Ce lundi, sur la BR-364, à la hauteur de la municipalité de Serra de São Vicente, un accès à la capitale Cuiabá, les peuples Haliti Paresi, Bororo, Umutina, Nambikwara, Chiquitano, Manoki, Bakairi et Mỹky ont entrepris de bloquer la route vers 4 heures du matin. Sur la BR-174, dans la région de Comodoro, à la frontière avec l’état de Rondonia, à 644 km de Cuiabá, les peuples Nambikwara, Rikbbaktsa, Cinta-Larga, Arara et Enawenê Nawê ont bloqué la route vers 3 heures du matin.
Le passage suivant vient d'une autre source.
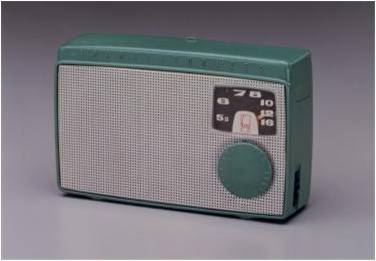 トランジスタラジオ『TR-55』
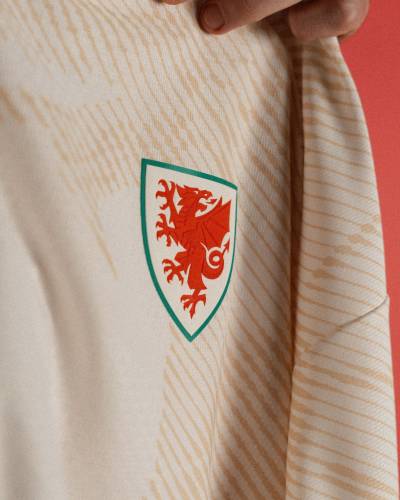 wales_2026_adidas_away_kit_e.jpg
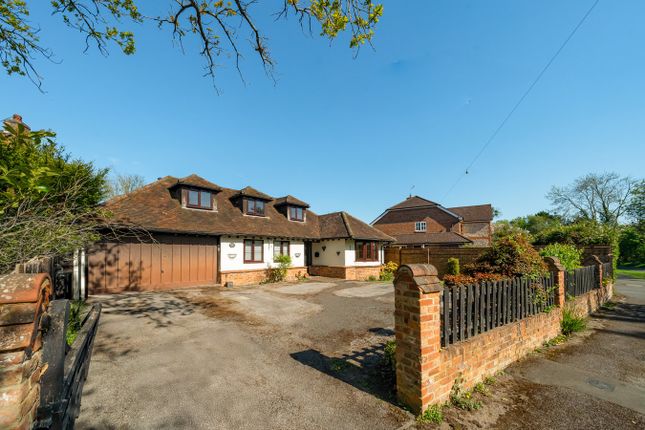 4-bed house on 28, Rogers Lane, Stoke Poges, £800,000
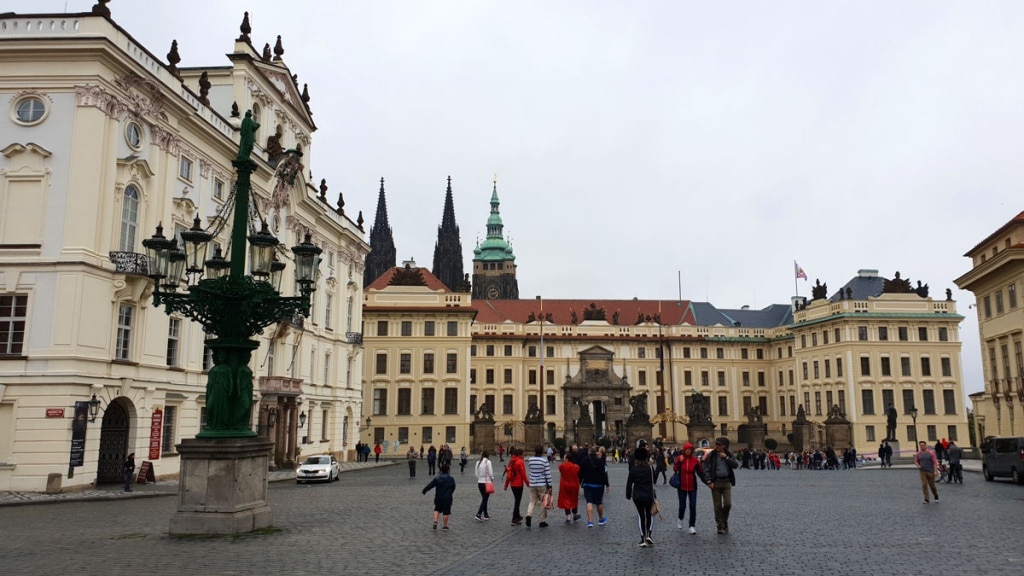 ein-tag-in-prag-was-muss-man-gesehen-haben-prager-burg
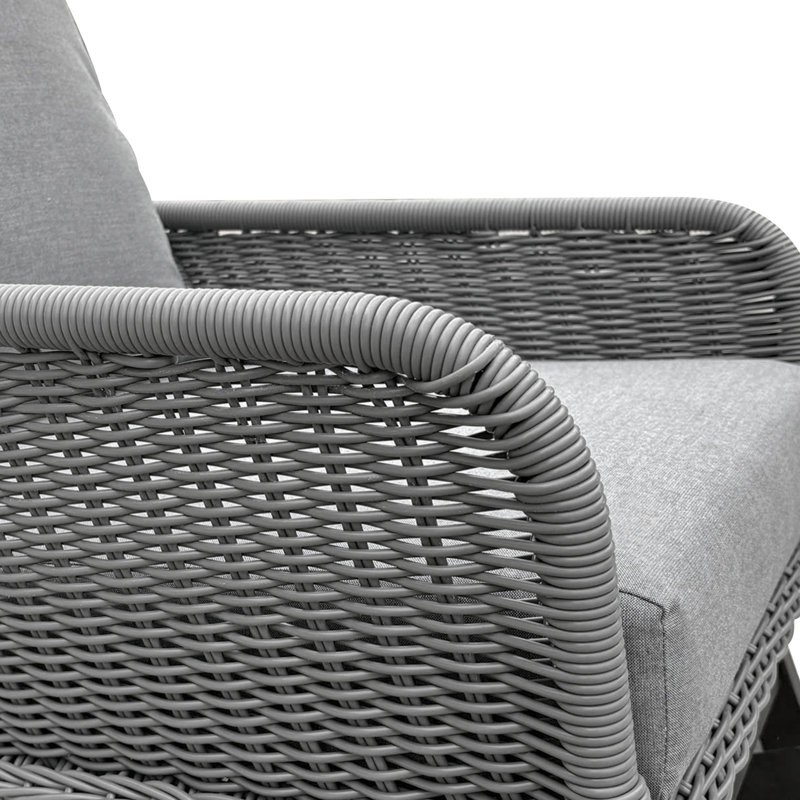 Chaise berçante moderne grise avec coussins de siège et fabrication en bois pour un cadre spacieux et élégant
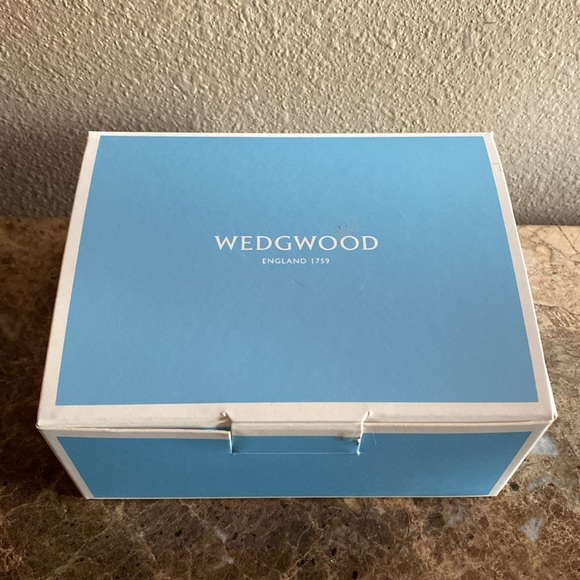 Wedgwood White Jasper + Blue Pine Cone, Porcelain Ornament on Ribbon, New in Box - Picture 10 of 10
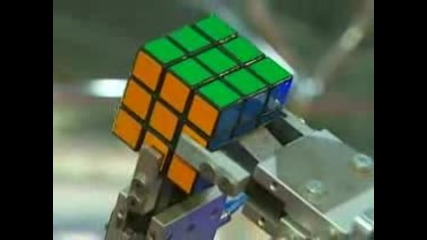 Робот Сглобява Кубчето На Рубик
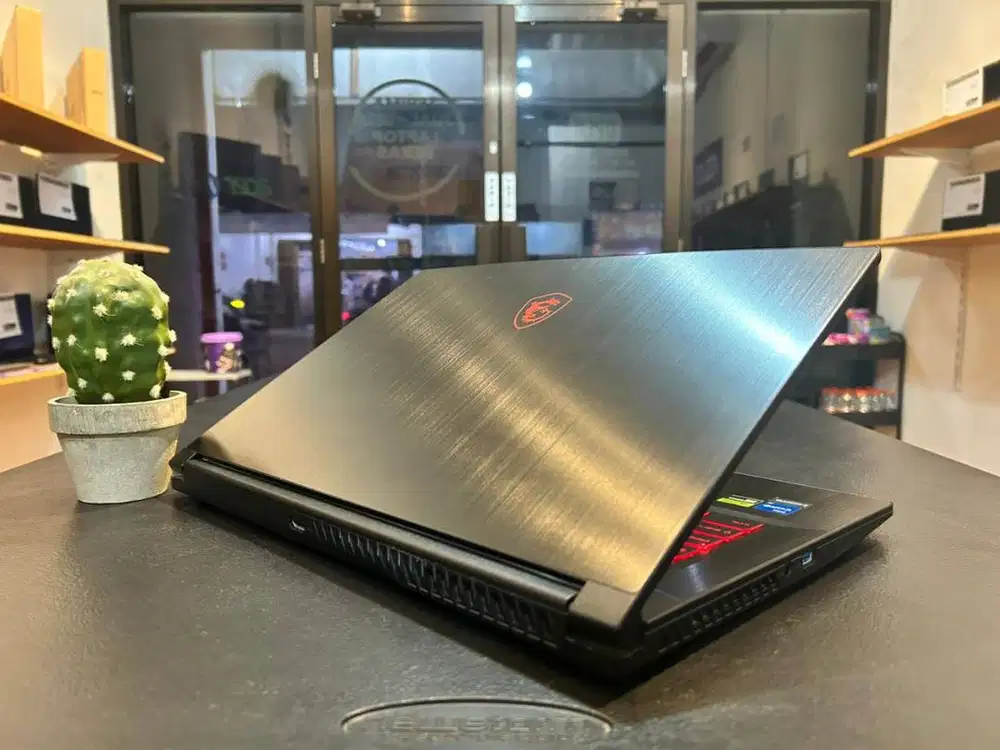 BU!! DIJUAL LAPTOP GAMING MSI GF63-THIN 11UC//NVIDIA RTX 3050(4GB)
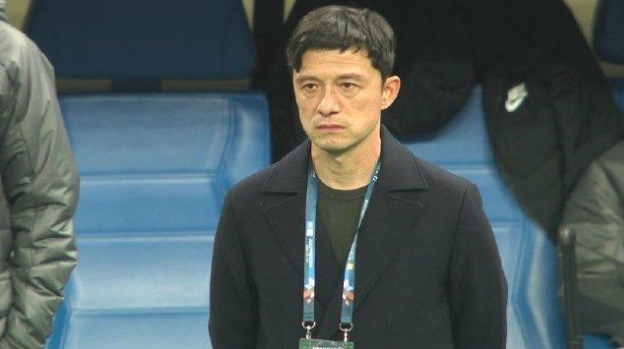 中超颁奖现场为何没球迷谢晖压着打引争议水庆霞被曝母亲病危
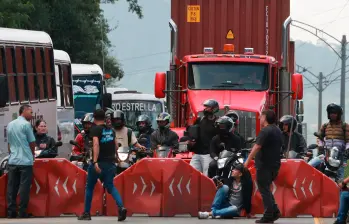Este es uno de los cierres viales registrados en las vías hacia el Suroeste antioqueño desde la mañana de este lunes por cuenta de las protestas por las demoras en los trabajos de mantenimiento de emergencias. FOTO: Manuel Saldarriaga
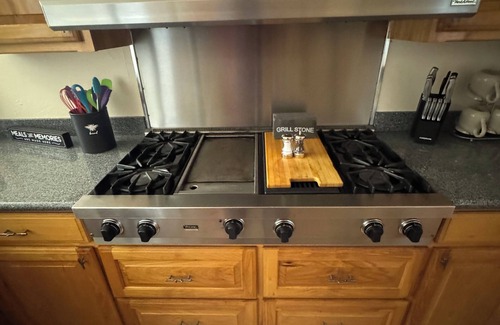 Whitehouse Maison | Troup TX, 3-bedroom handicapped house with Heated Indoor Pool.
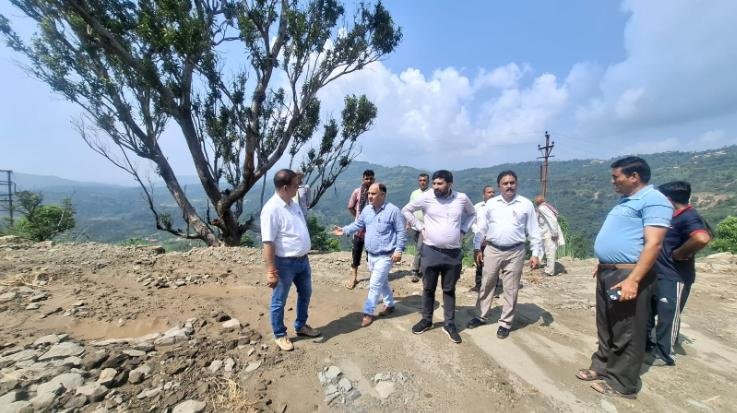Solan_Heavy_rains_cause_damage_in_Baddi_Nalagarh_area_ADC_Rahul_Jain_took_stock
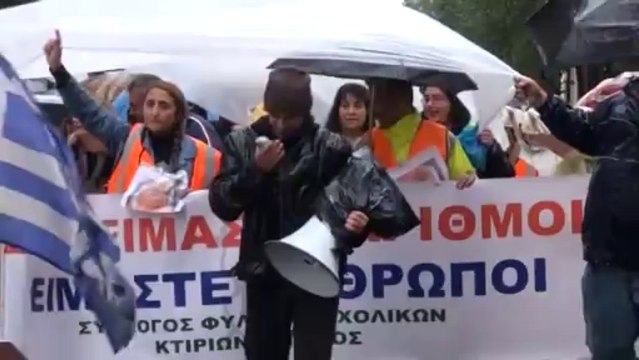 Miles de funcionarios griegos protestan contra los despidos y recortes sociales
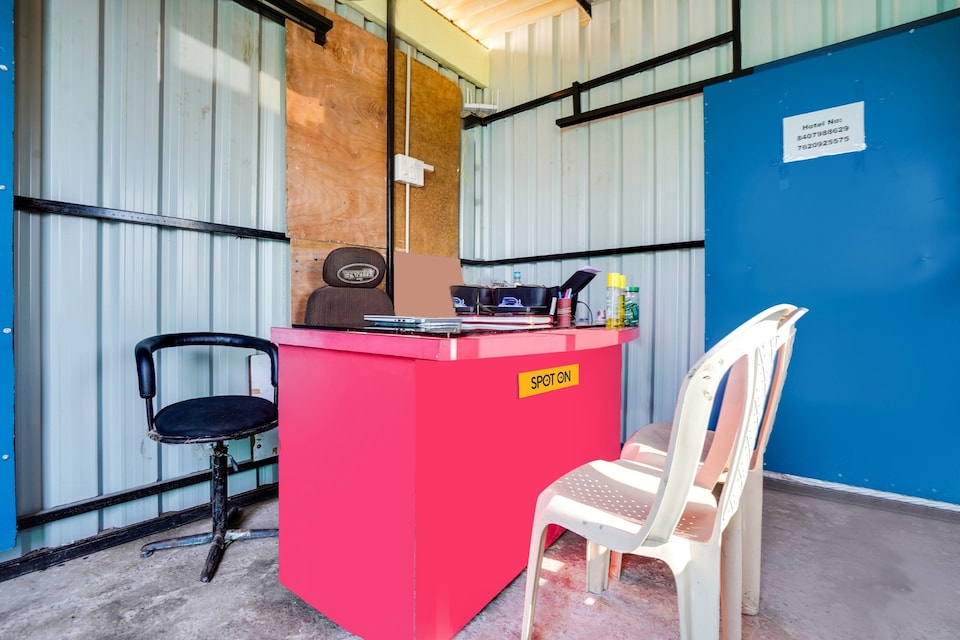 SPOT ON Fakt Tu Aani Mi, Manish Nagar Besa, Nagpur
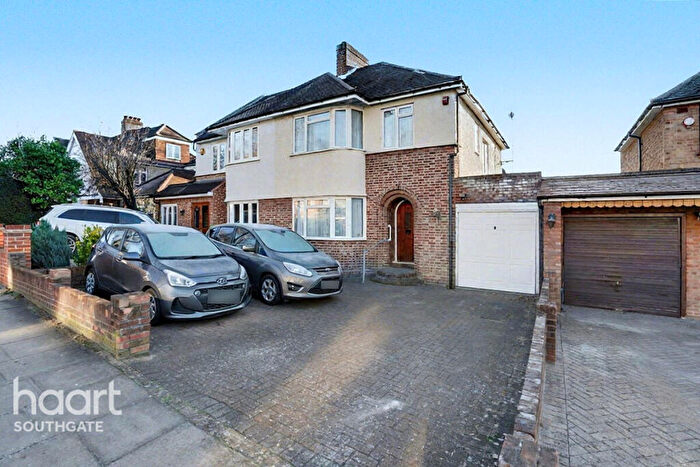 3 Bedroom Semi-Detached House For Sale In Chaseville Park Road, London, N21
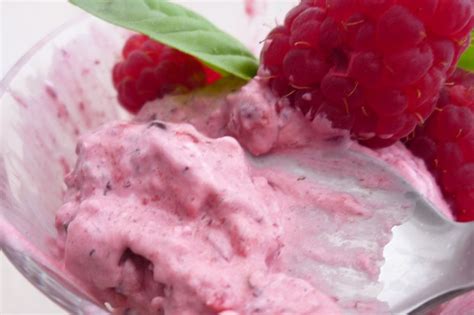 Crème glacée aux fruits rouges et basilic express et sans sorbetière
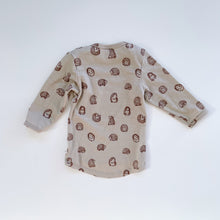 Load image into Gallery viewer, Nature Baby Merino Top L/S Hedgehog (3-6m)
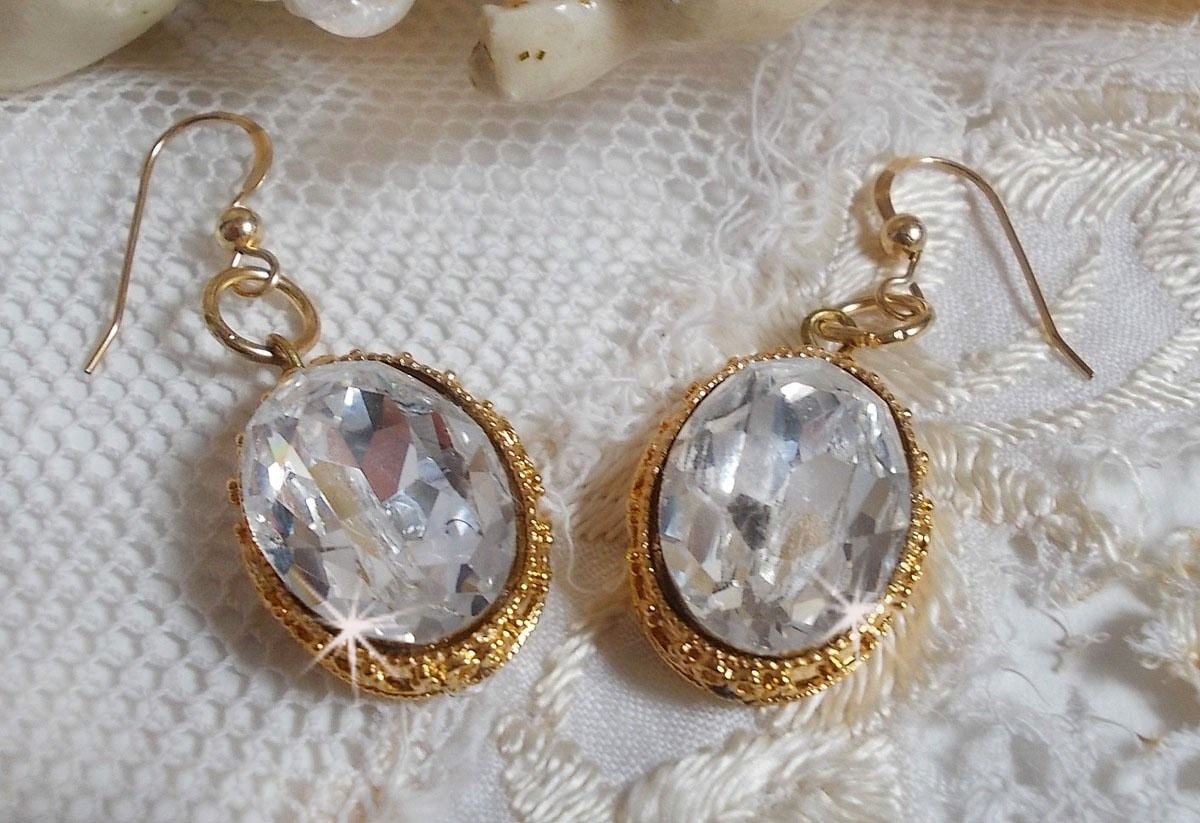 BO Gull Øredobber med Swarovski-krystaller innfattet i gull cabochoner med 14 karat gullfylte ørekroker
Approximativement 700 indigènes sont sur ces routes. « Nous exigeons la révocation de l’ordonnance 303, ainsi que de la PEC 215 (Proposition d’Amendement Constitutionel qui transfèrerait au Congrès National la compétence d’approuver la démarcation des terres indigènes) et le décret de restructuration de la Funai, mais notre cible principale est l’ordonnance 303 car elle est une atteinte aux droits des peuples indigènes » affirme Sônia Haliti Paresi.
Les embouteillages ont déjà plus de 40 km. Seuls les ambulances et les véhicules officiels sont autorisés à circuler sur ces tronçons. L’expectative est que les mobilisations s’intensifient et les barrages routiers n’ont pas de prévisions de fin.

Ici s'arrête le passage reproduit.